**Work instructions**
Up to and including the line that holds "55 Lawrence Dr # 55", copy every line of the records below exactly, starting at the first; leave pictures out.

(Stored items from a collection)
####

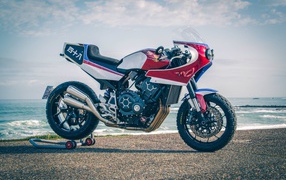Большой мотоцикл Honda CB1000R Dirt Endurance 2019 года у воды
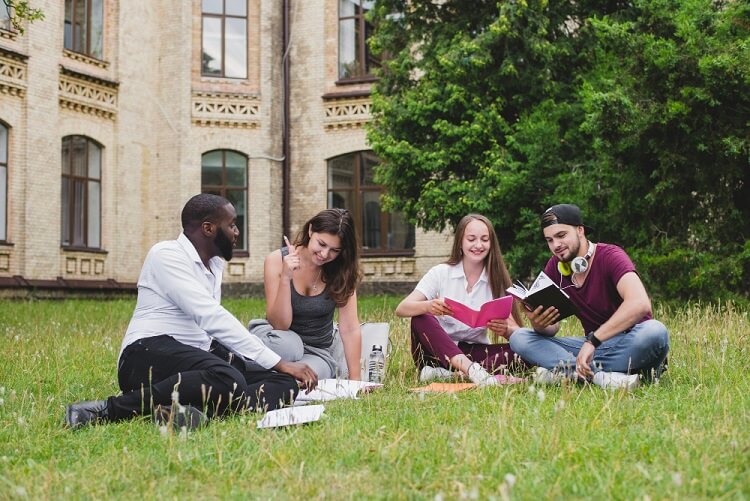 Study in Ireland: The Emerald Isle Opens Its Gates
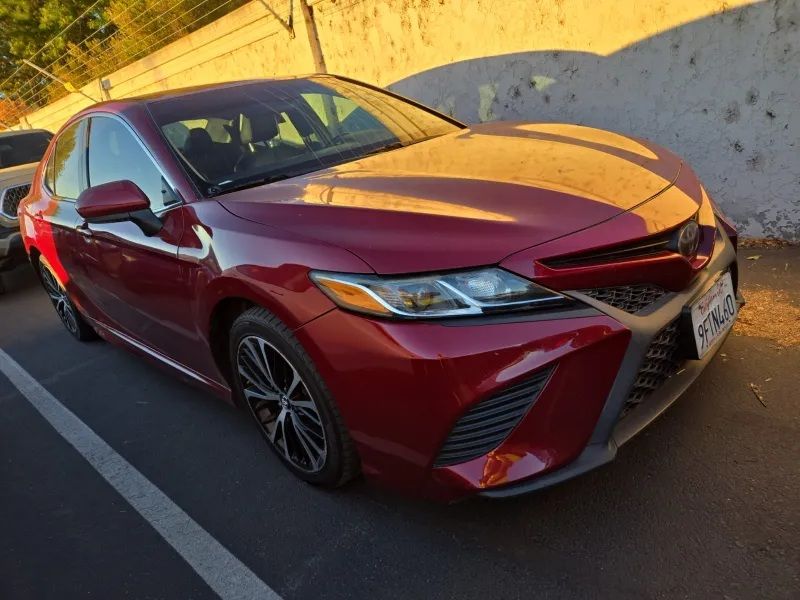 2018 Toyota Camry SE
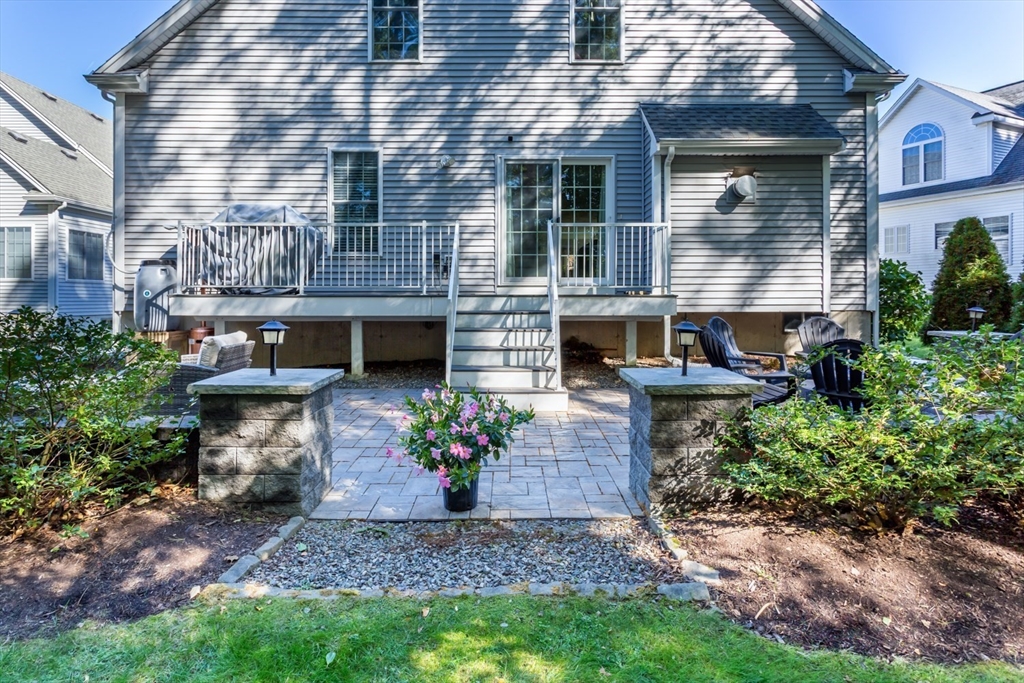 55 Lawrence Dr # 55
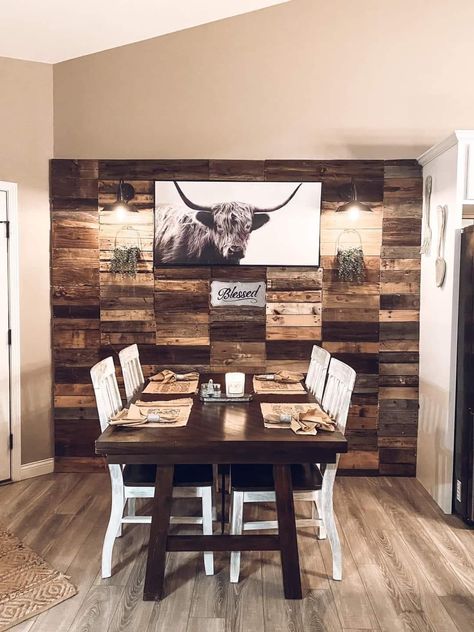 Small Western Dining Room, Western Style Dining Room, Cow Themed Dining Room, Dining Room Western, Western Modern Kitchen, Western Boho Dining Room, Western Dinning Room Decor, Rustic Western Dining Room, Western Dining Room Ideas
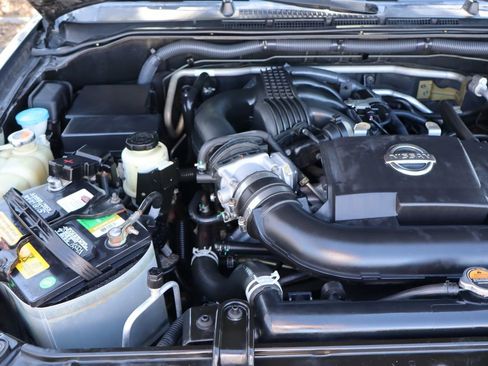 Used 2012 Nissan Xterra PRO-4X w/ Pro-4x Leather Pkg image 37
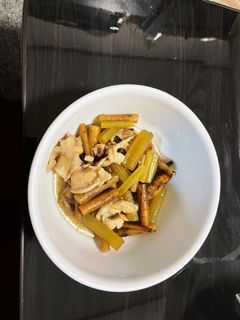 ごぼうとふきと豚肉の煮物-レシピのメイン写真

####

**Response to the task**
Большой мотоцикл Honda CB1000R Dirt Endurance 2019 года у воды
 Study in Ireland: The Emerald Isle Opens Its Gates
 2018 Toyota Camry SE
 55 Lawrence Dr # 55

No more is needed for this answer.